Saya pribadi percaya bahwa kita ini bangsa yang baik, patuh dan bahkan bangsa yang pemaaf. Buktinya saat kita berkunjung ke Singapura, mendadak kita menjadi tertib dan patuh pada aturan setempat. Artinya masalah bukan terletak di manusianya, tetapi masalah lebih pada sistem kelola masyarakat.
Di Indonesia, siapapun bila studi banding ke negara lain, dapat ditebak bahwa hampir semua mempelajari teknologi yang dipakai dalam mengolah sampah.

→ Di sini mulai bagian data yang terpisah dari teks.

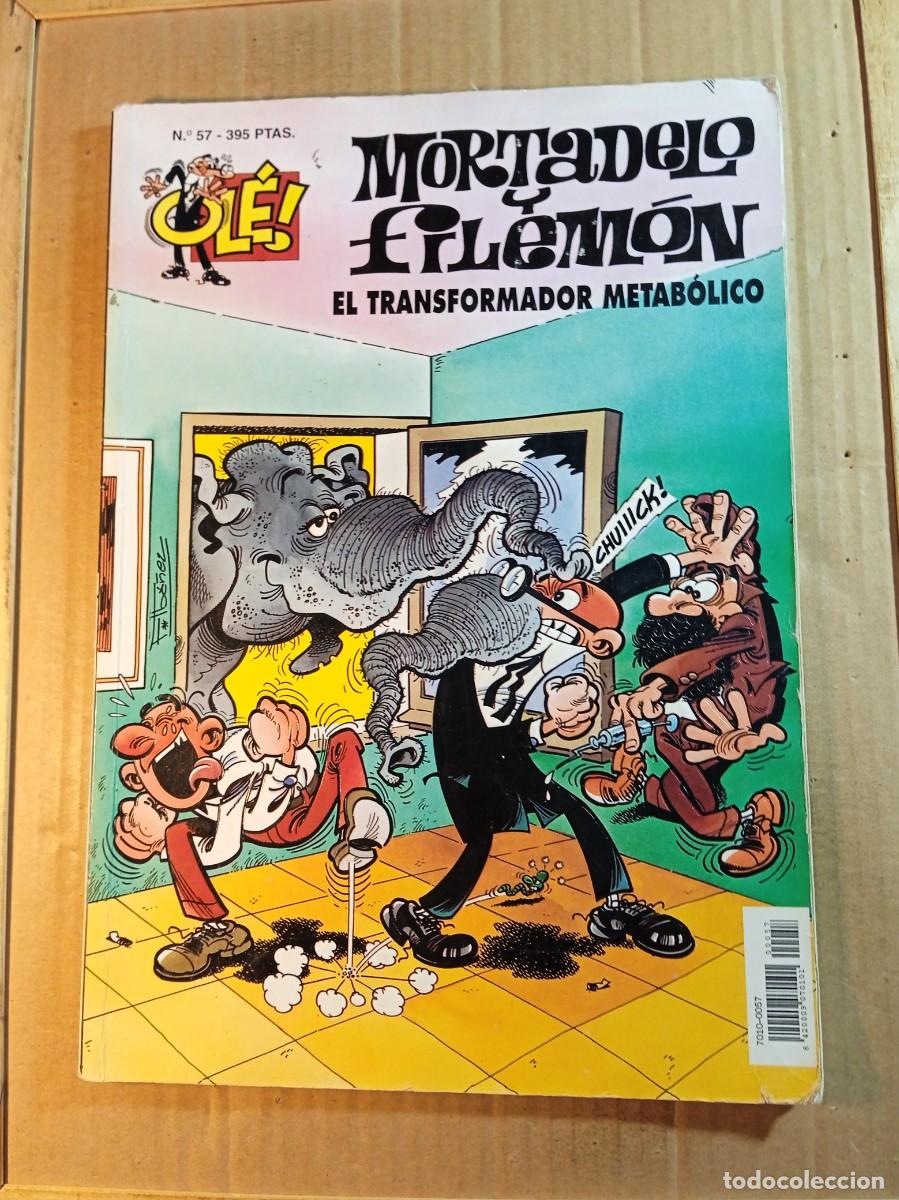 Tebeos: TEBEO DE OLE MORTADELO Y FILEMON EN EL TRANSFORMADOR METABOLICO DEL A&Ntilde;O 1997 N&ordm; 57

Menurut hemat saya, nampaknya ada hal penting yang justru dilupakan, yaitu bagaimana negara tersebut melayani rakyatnya.
Dari hasil pengamatan, saya hampir tidak pernah mendengar ada pihak yang tertarik membahas aspek non teknis, misalkan aspek tatalaksana, aspek manajemen, serta aspek kelembagaan.
Bila semua hanya fokus membahas teknologi dan menafikkan aspek non teknis, rasa-rasanya wajar bila masyarakat Indonesia terkesan seperti sekarang adanya dengan atribut buruk yang melekat.

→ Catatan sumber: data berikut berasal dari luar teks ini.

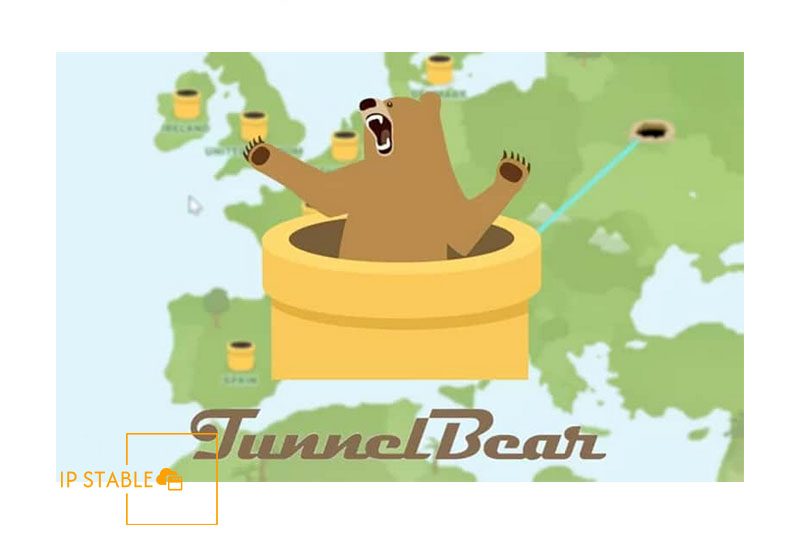 دانلود فیلتر شکن رایگان خرس TunnelBear VPN برای گوشی سامسونگ و هواوی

Bila mengamati SNI 19-2454-2002 Tata Cara Teknik Operasional Pengelolaan Sampah Perkotaan, nampak tidak ada mekanisme kontrol langsung ke masyarakat pemukiman. Lengkap sudah, sentuhan ke masyarakat tidak menjadi penting. Alangkah bagusnya bila dikoreksi, dan sentuhan masyarakat pemukiman diutamakan.
Bapak Gubernur yang saya hormati, dengan sentuhan yang manis, saya masih optimis bahwa masyarakat Indonesia masih mau disuruh memilah sampahnya sejak dari timbulan.

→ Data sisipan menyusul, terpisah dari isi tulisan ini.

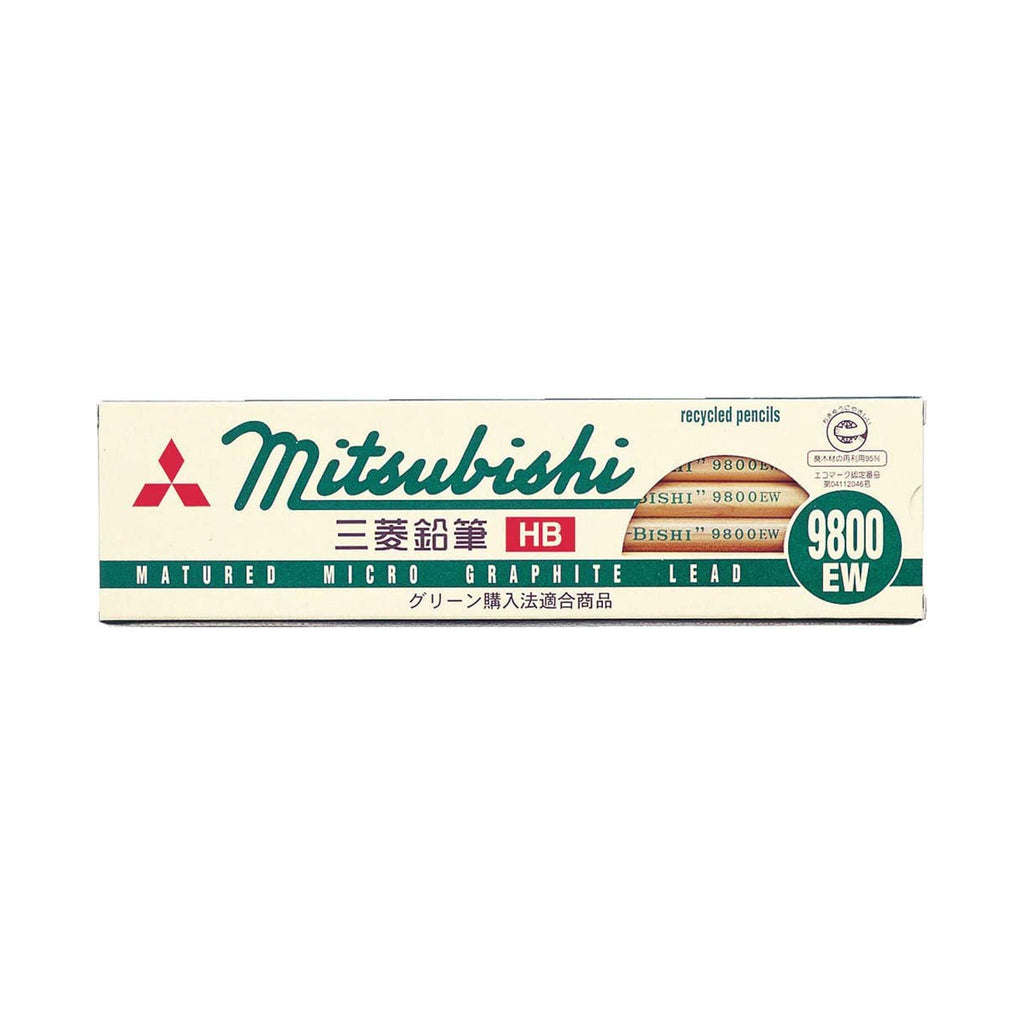 9800 EW Wooden Pencils 1 Dozen Pack / uni Mitsubishi Pencil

Sebuah pertanyaan sederhana: “Kenapa kita tidak merancang manajemen layanan persampahan?”. Mari kita buat sebuah alur layanan, dan seterusnya masyarakat wajib mengikuti alur layanan tersebut. bila itu semua dilewati, rasa-rasanya akan membawa perubahan positip.
Bapak Ignasius Djonan saat menjadi Dirut KAI telah mencontohkan pentingnya manajemen layanan, dan sukses besar. Menuju jalan sukses tersebut, Bapak Djonan tidak pernah menggeser mindset, serta tidak pernah mendidik masyarakat, beliau cukup membuat alur layanan, dan konsisten dalam pelaksanaannya. Hasilnya adalah layanan kereta api Indonesia pantas diacungi jempol.